Billy Eckstine


One of the most distinctive of all ballad singers, Eckstine was both a pivotal figure in the history of jazz (because of his commitment to bebop) and the first black singer to achieve lasting success in the pop mainstream. After winning a talent contest in 1930 by imitating Cab Calloway, Eckstine sang briefly with Tommy Myles’ band, before returning to college.  On the recommendation of composer and tenor saxophonist Buddy Johnson he joined Earl Hines’ band in 1939 as singer and  occasionally  playing  trumpet  and in turn  encouraged  Hines to sign up Charlie Parker and Sarah Vaughan. Eckstine’s recordings with the band include ‘Stormy Monday Blues’ and his own ‘Jelly Jelly’. In 1943, he quit to go solo but in 1944 formed his own big band, a modern swing band committed almost exclusively to bebop, to the point where Eckstine’s stylized vocals regularly took second place to the playing of Dizzy Gillespie, Dexter Gordon, Art Blakey, Charlie Parker, Fats Navarro, Gene Ammons and Kenny Dorham, among others. The band was badly recorded and badly managed and in 1947 Eckstine folded it to go solo. However, the support Eckstine gave bop musicians at that time was crucial.

Even before folding his band, Eckstine had recorded solo to support it, scoring two million-sellers in 1945 with ‘Cottage for Sale’ and a revival of ‘Prisoner of Love’. Far more successful than his band recordings, though more mannered and pompously sung, these prefigured Eckstine’s future career. Where before black bands had played ballads, jazz and dance music, in the immediate post-war years they had to choose. Lacking an interest in the blues and frustrated by the failure of his big band, Eckstine, at first reluctantly, turned to ballads. Henceforth his successes would be in the pop charts.

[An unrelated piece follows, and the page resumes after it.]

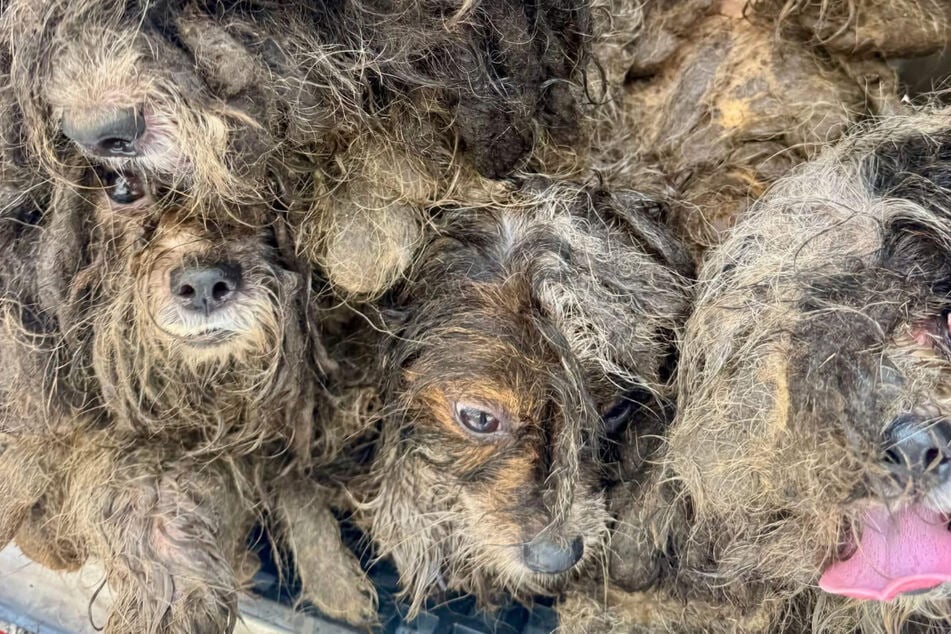 Just a huge ball of fur: these completely matted dogs have been through a lot.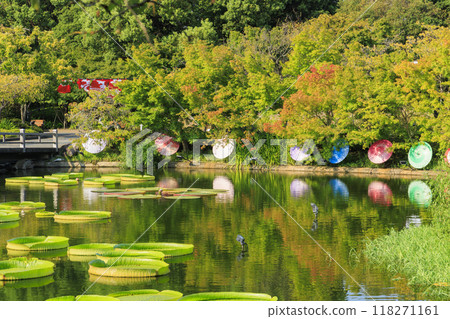 Nabana no Sato: Japanese umbrellas and autumn flowers Nabana no Sato: Japanese umbrellas and autumn flowers 118271161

In 1947, he was one of the first signings to the newly established MGM Records and had immediate hits with revivals of ‘Everything I Have Is Yours’ (1947), Richard Rodgers’ and Lorenz Hart’s ‘Blue Moon’ (1948), and Duke Ellington’s, Irving Mills and Juan Tizol’s ‘Caravan’ (1949). He had further success in 1950 with Victor Young’s theme song to ‘My Foolish Heart’ and a revival of the 1931 Bing Crosby hit, ‘I Apologize’. However, unlike Nat ‘King’ Cole who followed him into the pop charts, Eckstine’s singing, especially his exaggerated vibrato, sounded increasingly mannered and he was unable to sustain his recording success throughout the decade. His best record of the fifties was the thrilling duet with Sarah Vaughan, ‘Passing Strangers’, a minor hit in 1957.

Eckstine later concentrated on live appearances, regularly crossing the world, and recorded only intermittently. In 1967, he briefly joined Motown and in 1981 recorded the impressive ‘Something More’.